Physiker Marcin Chrząszcz erforscht am Cern das Verhalten exotischer Elementarteilchen. Für die Datenanalysen hat er einen wissenschaftlichen Wettbewerb ausgeschrieben und Lösungen am Physik-Institut präsentiert.
Stefan Stöcklin
Datenanalyst Marcin Chrząszcz
«Fast nicht nachweisbar»: Physiker und Datenanalyst Marcin Chrząszcz beschäftigt sich mit extrem seltenen Zerfällen subatomarer Teilchen.

Der Teilchenphysiker Marcin Chrząszcz  - ausgesprochen Schratsch  – entspricht auf einen ersten flüchtigen Blick manchem Klischee, das gegenüber Physikern kursiert: Er ist intelligent, wirkt introvertiert und überlegt genau, bevor er auf Fragen antwortet. Doch sobald sein Forschungsthema angesprochen wird, das heisst Zerfälle von subatomaren Elementarteilchen, wird der ruhige Wissenschaftler leidenschaftlich.

Mit kräftiger Stimme erläutert er die Essenz seiner Arbeiten und unterstreicht mit den Armen das Gesagte: «Ich beschäftige mich mit Zerfällen von subatomare Teilchen wie B-Mesonen oder Tau-Leptonen». Die instabilen B-Mesonen enthalten Quarks und Antiquarks und sind Teil des Standardmodells der Teilchenphysik. Teil  des Standardmodells sind auch Leptonen, zu denen zum Beispeil stabile Teilchen wie das Elektron oder instabile Tauonen (Tau-Leptonen) gehören.

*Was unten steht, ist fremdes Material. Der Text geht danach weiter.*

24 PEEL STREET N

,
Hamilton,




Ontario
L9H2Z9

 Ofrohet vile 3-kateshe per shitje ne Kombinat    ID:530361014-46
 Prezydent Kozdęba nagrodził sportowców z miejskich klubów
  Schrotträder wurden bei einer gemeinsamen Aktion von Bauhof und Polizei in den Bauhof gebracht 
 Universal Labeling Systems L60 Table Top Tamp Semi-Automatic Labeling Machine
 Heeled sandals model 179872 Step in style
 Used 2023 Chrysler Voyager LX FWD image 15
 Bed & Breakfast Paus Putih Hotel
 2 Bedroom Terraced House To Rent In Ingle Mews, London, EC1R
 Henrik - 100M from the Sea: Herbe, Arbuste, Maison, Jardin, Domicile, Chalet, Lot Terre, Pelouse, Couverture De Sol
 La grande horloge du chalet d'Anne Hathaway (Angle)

Reale und hypothetische Zerfälle derartiger Teilchen waren kürzlich Thema eines Symposiums über Data-Mining am Physik-Institut der UZH, das der Teilchenphysiker mitorganisiert hatte. Nun kommt der Datenanalyst in Fahrt: «Meine Kolleginnen und Kollegen haben Nachweisverfahren vorgestellt, um extrem seltene Zerfallsereignisse statistisch signifikant nachzuweisen.»

Detektoren am LHC

Marcin Chrząszcz ist PostDoc in der Arbeitsgruppe von Ueli Straumann und arbeitet die meiste Zeit im Cern bei Genf. Der Teilchenbeschleuniger LHC (Large Hadron Collider, LHC) ist sein Arbeitswerkzeug, genauer gesagt der LHCb-Detektor, einer von mehreren Nachweisapparaturen.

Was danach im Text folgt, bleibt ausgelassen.